The Left parties on Thursday warned the government that it would commit an “illegal act” if it tried to dilute the Civil Nuclear Liability Act or signed any agreement for supply of nuclear reactors during the upcoming US visit of Prime Minister Manmohan Singh.

“If the government wants to succumb to US pressures (to clinch a deal), I am afraid they will be shown as having done an illegal act which will be against the interests of the country,” CPI (M) general secretary Prakash Karat told reporters here.

“The effort of the Manmohan Singh government to dilute the Civil Nuclear Liability Act to exempt US suppliers of reactors from the liability clause will be an illegal attempt to bypass the law passed by Parliament,” he said, adding, “The Americans want to sell the reactors on their terms but they will have to abide by the laws of this country...”

Mr. Karat was reacting to reports that government was moving to clear a deal to acquire nuclear reactors from US major Westinghouse Corp and sign an agreement during Singh’s visit.
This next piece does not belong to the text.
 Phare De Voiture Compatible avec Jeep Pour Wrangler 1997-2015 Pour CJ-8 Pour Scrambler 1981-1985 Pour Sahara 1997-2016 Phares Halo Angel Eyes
Asserting that no one could bypass the law laid down by Parliament — the Civil Liability for Nuclear Damage Act 2010 — Mr. Karat said, “We know they (Government) tried to dilute the law but the Standing Committee rejected it.”

“It is evident that the UPA government is succumbing to the pressure of the US administration to safeguard their companies’ interests. But this cannot be at the expense of the interests of the country and the safety and security of Indian citizens,” the CPI (M) Polit Bureau later said in a statement.

CPI national secretary D Raja accused the government of becoming “a real suspect” on the nuclear deal and liability issues, saying, “The government is consciously going ahead to satisfy the US and dilute the laid-down law and now that has been exposed.”

Maintaining that the opinion of the Attorney General on the matter was “an interpretation of the law which does not hold”, Mr. Karat referred to Section 17 of the Nuclear Liability Act and said, “Irrespective of the written contract, the right to recourse and the liability of the supplier will apply if there is supply of faulty material or equipment.”

The section deals with right to legal recourse against the supplier or the manufacturer in case of a nuclear accident, faulty equipment or wilful neglect.

In his reaction, Mr. Raja sought a clarification from the Prime Minister on the issue, saying “he took the risk of Left support withdrawal” to sign the Indo-US nuclear deal.

The CPI leader said linking the accord with Russia on the Kudankulam nuclear power plant with the proposed deal with the US firm Westinghouse “is itself a manipulative move as the Kudankulam deal was struck much before the Liability Act was passed by Parliament.”

Demanding stoppage of any move towards an agreement with the US firm, Mr. Raja said the Nuclear Power Corporation of India Limited “cannot enter into any agreement bypassing the law passed by Parliament.”